* **What is being asked**
Every line in the data must be transcribed exactly.

* **Raw data**
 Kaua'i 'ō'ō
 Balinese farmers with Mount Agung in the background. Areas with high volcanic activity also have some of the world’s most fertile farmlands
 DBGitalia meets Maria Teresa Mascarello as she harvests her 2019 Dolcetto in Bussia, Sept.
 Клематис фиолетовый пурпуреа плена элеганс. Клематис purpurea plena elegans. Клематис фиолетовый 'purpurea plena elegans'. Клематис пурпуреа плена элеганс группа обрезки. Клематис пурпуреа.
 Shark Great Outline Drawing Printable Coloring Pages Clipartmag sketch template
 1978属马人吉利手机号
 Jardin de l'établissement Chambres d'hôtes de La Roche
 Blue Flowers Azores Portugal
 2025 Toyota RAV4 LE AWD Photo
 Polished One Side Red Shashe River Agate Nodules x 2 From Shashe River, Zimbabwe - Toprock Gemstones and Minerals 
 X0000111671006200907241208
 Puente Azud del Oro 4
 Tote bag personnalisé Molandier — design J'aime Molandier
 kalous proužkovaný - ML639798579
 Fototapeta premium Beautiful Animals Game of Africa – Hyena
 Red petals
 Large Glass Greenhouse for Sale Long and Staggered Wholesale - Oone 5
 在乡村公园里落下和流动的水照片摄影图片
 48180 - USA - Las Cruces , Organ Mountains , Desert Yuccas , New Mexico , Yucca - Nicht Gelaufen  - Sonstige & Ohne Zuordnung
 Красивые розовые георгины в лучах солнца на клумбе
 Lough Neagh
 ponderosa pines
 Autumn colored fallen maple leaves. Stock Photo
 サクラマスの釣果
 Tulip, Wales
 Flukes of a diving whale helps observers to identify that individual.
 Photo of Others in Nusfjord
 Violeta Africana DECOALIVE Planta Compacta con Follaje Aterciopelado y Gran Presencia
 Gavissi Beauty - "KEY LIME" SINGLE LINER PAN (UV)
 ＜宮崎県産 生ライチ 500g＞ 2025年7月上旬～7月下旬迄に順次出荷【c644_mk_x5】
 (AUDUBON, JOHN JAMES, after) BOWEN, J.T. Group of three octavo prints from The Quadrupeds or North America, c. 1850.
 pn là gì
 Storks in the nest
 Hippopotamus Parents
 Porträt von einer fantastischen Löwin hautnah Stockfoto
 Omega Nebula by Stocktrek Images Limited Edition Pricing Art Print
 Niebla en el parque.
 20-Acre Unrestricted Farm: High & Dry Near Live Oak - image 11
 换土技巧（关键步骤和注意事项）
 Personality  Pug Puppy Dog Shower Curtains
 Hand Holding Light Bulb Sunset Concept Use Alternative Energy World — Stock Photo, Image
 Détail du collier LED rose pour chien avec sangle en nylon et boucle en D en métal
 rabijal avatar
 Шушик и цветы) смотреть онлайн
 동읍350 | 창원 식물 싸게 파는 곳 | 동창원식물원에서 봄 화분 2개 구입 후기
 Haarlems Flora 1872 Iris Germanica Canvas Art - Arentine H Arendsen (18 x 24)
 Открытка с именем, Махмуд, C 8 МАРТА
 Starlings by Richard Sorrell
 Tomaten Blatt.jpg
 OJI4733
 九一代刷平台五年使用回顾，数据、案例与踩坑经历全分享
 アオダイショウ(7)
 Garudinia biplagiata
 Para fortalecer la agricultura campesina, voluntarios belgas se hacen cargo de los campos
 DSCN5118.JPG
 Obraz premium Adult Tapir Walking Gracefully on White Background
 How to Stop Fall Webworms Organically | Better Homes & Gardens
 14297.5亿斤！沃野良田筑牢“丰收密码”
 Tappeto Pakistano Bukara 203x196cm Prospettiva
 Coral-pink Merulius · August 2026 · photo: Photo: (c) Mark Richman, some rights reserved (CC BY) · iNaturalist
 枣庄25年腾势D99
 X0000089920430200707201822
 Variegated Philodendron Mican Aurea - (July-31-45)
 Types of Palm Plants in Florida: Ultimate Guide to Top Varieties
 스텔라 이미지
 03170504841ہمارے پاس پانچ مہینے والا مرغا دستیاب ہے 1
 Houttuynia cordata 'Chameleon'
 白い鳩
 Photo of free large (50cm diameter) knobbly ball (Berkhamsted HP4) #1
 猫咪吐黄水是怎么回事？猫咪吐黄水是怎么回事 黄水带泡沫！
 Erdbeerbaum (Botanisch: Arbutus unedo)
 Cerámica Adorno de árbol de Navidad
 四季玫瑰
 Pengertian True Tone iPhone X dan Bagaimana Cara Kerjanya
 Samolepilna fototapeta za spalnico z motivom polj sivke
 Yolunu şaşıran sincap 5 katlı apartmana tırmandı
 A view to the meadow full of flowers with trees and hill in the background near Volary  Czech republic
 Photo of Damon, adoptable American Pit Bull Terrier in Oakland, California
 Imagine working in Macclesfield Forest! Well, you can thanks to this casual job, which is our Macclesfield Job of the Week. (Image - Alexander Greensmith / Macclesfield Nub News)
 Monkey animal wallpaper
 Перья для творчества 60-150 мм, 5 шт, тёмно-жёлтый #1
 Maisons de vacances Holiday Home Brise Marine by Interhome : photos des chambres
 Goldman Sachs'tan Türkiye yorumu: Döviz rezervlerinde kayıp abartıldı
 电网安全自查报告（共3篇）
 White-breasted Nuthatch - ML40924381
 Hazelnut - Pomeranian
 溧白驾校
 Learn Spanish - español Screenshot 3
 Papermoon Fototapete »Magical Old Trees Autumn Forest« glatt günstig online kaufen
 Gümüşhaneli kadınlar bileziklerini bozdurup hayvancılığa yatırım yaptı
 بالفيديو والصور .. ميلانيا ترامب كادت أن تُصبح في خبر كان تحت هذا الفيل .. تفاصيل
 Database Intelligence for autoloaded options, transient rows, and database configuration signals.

* **Reply to the exercise**
 Kaua'i 'ō'ō
 Balinese farmers with Mount Agung in the background. Areas with high volcanic activity also have some of the world’s most fertile farmlands
 DBGitalia meets Maria Teresa Mascarello as she harvests her 2019 Dolcetto in Bussia, Sept.
 Клематис фиолетовый пурпуреа плена элеганс. Клематис purpurea plena elegans. Клематис фиолетовый 'purpurea plena elegans'. Клематис пурпуреа плена элеганс группа обрезки. Клематис пурпуреа.
 Shark Great Outline Drawing Printable Coloring Pages Clipartmag sketch template
 1978属马人吉利手机号
 Jardin de l'établissement Chambres d'hôtes de La Roche
 Blue Flowers Azores Portugal
 2025 Toyota RAV4 LE AWD Photo
 Polished One Side Red Shashe River Agate Nodules x 2 From Shashe River, Zimbabwe - Toprock Gemstones and Minerals 
 X0000111671006200907241208
 Puente Azud del Oro 4
 Tote bag personnalisé Molandier — design J'aime Molandier
 kalous proužkovaný - ML639798579
 Fototapeta premium Beautiful Animals Game of Africa – Hyena
 Red petals
 Large Glass Greenhouse for Sale Long and Staggered Wholesale - Oone 5
 在乡村公园里落下和流动的水照片摄影图片
 48180 - USA - Las Cruces , Organ Mountains , Desert Yuccas , New Mexico , Yucca - Nicht Gelaufen  - Sonstige & Ohne Zuordnung
 Красивые розовые георгины в лучах солнца на клумбе
 Lough Neagh
 ponderosa pines
 Autumn colored fallen maple leaves. Stock Photo
 サクラマスの釣果
 Tulip, Wales
 Flukes of a diving whale helps observers to identify that individual.
 Photo of Others in Nusfjord
 Violeta Africana DECOALIVE Planta Compacta con Follaje Aterciopelado y Gran Presencia
 Gavissi Beauty - "KEY LIME" SINGLE LINER PAN (UV)
 ＜宮崎県産 生ライチ 500g＞ 2025年7月上旬～7月下旬迄に順次出荷【c644_mk_x5】
 (AUDUBON, JOHN JAMES, after) BOWEN, J.T. Group of three octavo prints from The Quadrupeds or North America, c. 1850.
 pn là gì
 Storks in the nest
 Hippopotamus Parents
 Porträt von einer fantastischen Löwin hautnah Stockfoto
 Omega Nebula by Stocktrek Images Limited Edition Pricing Art Print
 Niebla en el parque.
 20-Acre Unrestricted Farm: High & Dry Near Live Oak - image 11
 换土技巧（关键步骤和注意事项）
 Personality  Pug Puppy Dog Shower Curtains
 Hand Holding Light Bulb Sunset Concept Use Alternative Energy World — Stock Photo, Image
 Détail du collier LED rose pour chien avec sangle en nylon et boucle en D en métal
 rabijal avatar
 Шушик и цветы) смотреть онлайн
 동읍350 | 창원 식물 싸게 파는 곳 | 동창원식물원에서 봄 화분 2개 구입 후기
 Haarlems Flora 1872 Iris Germanica Canvas Art - Arentine H Arendsen (18 x 24)
 Открытка с именем, Махмуд, C 8 МАРТА
 Starlings by Richard Sorrell
 Tomaten Blatt.jpg
 OJI4733
 九一代刷平台五年使用回顾，数据、案例与踩坑经历全分享
 アオダイショウ(7)
 Garudinia biplagiata
 Para fortalecer la agricultura campesina, voluntarios belgas se hacen cargo de los campos
 DSCN5118.JPG
 Obraz premium Adult Tapir Walking Gracefully on White Background
 How to Stop Fall Webworms Organically | Better Homes & Gardens
 14297.5亿斤！沃野良田筑牢“丰收密码”
 Tappeto Pakistano Bukara 203x196cm Prospettiva
 Coral-pink Merulius · August 2026 · photo: Photo: (c) Mark Richman, some rights reserved (CC BY) · iNaturalist
 枣庄25年腾势D99
 X0000089920430200707201822
 Variegated Philodendron Mican Aurea - (July-31-45)
 Types of Palm Plants in Florida: Ultimate Guide to Top Varieties
 스텔라 이미지
 03170504841ہمارے پاس پانچ مہینے والا مرغا دستیاب ہے 1
 Houttuynia cordata 'Chameleon'
 白い鳩
 Photo of free large (50cm diameter) knobbly ball (Berkhamsted HP4) #1
 猫咪吐黄水是怎么回事？猫咪吐黄水是怎么回事 黄水带泡沫！
 Erdbeerbaum (Botanisch: Arbutus unedo)
 Cerámica Adorno de árbol de Navidad
 四季玫瑰
 Pengertian True Tone iPhone X dan Bagaimana Cara Kerjanya
 Samolepilna fototapeta za spalnico z motivom polj sivke
 Yolunu şaşıran sincap 5 katlı apartmana tırmandı
 A view to the meadow full of flowers with trees and hill in the background near Volary  Czech republic
 Photo of Damon, adoptable American Pit Bull Terrier in Oakland, California
 Imagine working in Macclesfield Forest! Well, you can thanks to this casual job, which is our Macclesfield Job of the Week. (Image - Alexander Greensmith / Macclesfield Nub News)
 Monkey animal wallpaper
 Перья для творчества 60-150 мм, 5 шт, тёмно-жёлтый #1
 Maisons de vacances Holiday Home Brise Marine by Interhome : photos des chambres
 Goldman Sachs'tan Türkiye yorumu: Döviz rezervlerinde kayıp abartıldı
 电网安全自查报告（共3篇）
 White-breasted Nuthatch - ML40924381
 Hazelnut - Pomeranian
 溧白驾校
 Learn Spanish - español Screenshot 3
 Papermoon Fototapete »Magical Old Trees Autumn Forest« glatt günstig online kaufen
 Gümüşhaneli kadınlar bileziklerini bozdurup hayvancılığa yatırım yaptı
 بالفيديو والصور .. ميلانيا ترامب كادت أن تُصبح في خبر كان تحت هذا الفيل .. تفاصيل
 Database Intelligence for autoloaded options, transient rows, and database configuration signals.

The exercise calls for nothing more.